Борьба у престола — страница 22 из 62

Бирон в волнении начал передавать ему события дня.

– Ну что ж? – произнес Густав, когда он кончил. – Что же случилось? Все произошло, как и надо было ожидать, Эрнст. Не думал ли ты, что князь Долгорукий бросится тебе на шею или императрица откажется от престола? – Он тихо засмеялся. – Анна – хитрая и умная женщина, – продолжал он, – и война только что началась. Здесь неудобное поле сражения – вот и все.
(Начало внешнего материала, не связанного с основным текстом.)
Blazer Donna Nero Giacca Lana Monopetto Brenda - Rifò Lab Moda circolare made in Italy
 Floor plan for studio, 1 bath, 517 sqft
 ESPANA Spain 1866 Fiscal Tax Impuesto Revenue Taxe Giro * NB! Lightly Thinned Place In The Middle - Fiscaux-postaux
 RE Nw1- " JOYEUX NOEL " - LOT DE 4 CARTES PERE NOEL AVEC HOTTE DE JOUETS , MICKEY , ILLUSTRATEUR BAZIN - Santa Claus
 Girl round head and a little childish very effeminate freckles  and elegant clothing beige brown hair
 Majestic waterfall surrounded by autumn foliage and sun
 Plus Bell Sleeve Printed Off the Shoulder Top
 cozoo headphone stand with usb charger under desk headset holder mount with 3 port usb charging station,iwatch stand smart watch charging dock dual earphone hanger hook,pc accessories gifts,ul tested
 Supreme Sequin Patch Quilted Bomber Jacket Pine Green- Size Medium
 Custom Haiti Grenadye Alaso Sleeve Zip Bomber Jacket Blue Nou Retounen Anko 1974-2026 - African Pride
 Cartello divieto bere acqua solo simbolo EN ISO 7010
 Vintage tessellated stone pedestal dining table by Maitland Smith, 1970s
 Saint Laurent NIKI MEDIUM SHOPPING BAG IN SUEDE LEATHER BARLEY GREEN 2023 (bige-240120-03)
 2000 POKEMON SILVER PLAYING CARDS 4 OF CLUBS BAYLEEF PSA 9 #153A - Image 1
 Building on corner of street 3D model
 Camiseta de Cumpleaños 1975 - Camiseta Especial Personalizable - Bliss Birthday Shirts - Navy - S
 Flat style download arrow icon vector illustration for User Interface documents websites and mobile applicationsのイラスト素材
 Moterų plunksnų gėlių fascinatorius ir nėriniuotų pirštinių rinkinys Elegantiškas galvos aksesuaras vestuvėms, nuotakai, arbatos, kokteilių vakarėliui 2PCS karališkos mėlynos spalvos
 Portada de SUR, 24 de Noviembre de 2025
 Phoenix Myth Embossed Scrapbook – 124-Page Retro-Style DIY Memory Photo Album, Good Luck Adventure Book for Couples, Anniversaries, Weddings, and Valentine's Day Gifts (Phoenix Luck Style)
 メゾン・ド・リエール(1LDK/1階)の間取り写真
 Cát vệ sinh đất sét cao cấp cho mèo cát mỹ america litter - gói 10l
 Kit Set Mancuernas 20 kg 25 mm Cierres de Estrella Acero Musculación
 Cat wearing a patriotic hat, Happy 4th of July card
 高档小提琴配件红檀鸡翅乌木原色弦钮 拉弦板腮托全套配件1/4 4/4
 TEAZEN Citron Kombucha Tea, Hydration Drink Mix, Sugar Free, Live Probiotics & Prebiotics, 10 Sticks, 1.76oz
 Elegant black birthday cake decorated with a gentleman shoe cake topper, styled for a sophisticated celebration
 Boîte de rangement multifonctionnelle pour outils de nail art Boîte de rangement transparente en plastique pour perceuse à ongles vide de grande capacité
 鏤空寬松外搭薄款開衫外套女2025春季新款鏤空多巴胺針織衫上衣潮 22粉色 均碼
Терпение, дорогой друг.

Уверенный, спокойный тон Густава подействовал на Бирона.

– Мы не спим, слушай, – и хотя в комнате никого, кроме них, не было, Левенвольде, нагнувшись к самому уху Бирона, стал шептать ему: – Надо начинать игру, – закончил он. – Якуб у тебя. Пришли его ко мне, я заготовлю письмо брату.

Бирон вышел заметно успокоенный. Он распорядился тихонько привести Якуба и уже хотел лечь спать, как явился доверенный камер – лакей герцогини Франц и сказал, что императрица ждет его.

Сердце Бирона преисполнилось надежды. Задним ходом через маленькую кухонную дверь, никем не замеченный, он прошел во дворец.

Он вернулся оттуда на рассвете, довольный и счастливый, и прошел в спальню, где верная Бенигна в тревоге ждала его… Нежные супруги еще не спали, когда на дворе началась обычная жизнь.


В это же утро князем Василием Лукичом было отдано строгое приказание никого не допускать к императрице без его разрешения. Узнав об этом, Анна только нахмурилась, но не сказала ни слова.


Если Бирон, желая доказать свою верность и покорность, выиграл в глазах князя Василия Лукича, дав Дивинскому действительно прекрасных лошадей, – то для Якуба Левенвольде приказал приготовить собственную лошадь Бирона, зная, что Бирон с радостью согласился бы на это.

Они действовали ради одной цели. Экономный Левенвольде, давая Якубу подробное письмо к брату, не поскупился на деньги. Кроме того, хорошо знакомый со всеми окрестностями Митавы, он объяснил ему кратчайший путь на Ригу помимо тракта.


Добравшись до домика вдовы Ленц, измученный и усталый, Сумароков не мог отказать себе в удовольствии выспаться. Напрасно Яков твердил ему, что надо ехать вперед, что лучше спать в дороге, напрасно он указывал ему на возможность преследования, Сумароков только отмахивался рукой, едва соображая от усталости слова Якова. Притом он был уверен, что все же императрица не выдаст его окончательно.

Старуха Ленц приготовила ему укромное местечко в задней кладовке. И когда Сумароков, сняв тяжелые сапоги, лег на мягкие перины, он мгновенно забыл обо всех опасностях и, обессиленный, заснул глубоким сном.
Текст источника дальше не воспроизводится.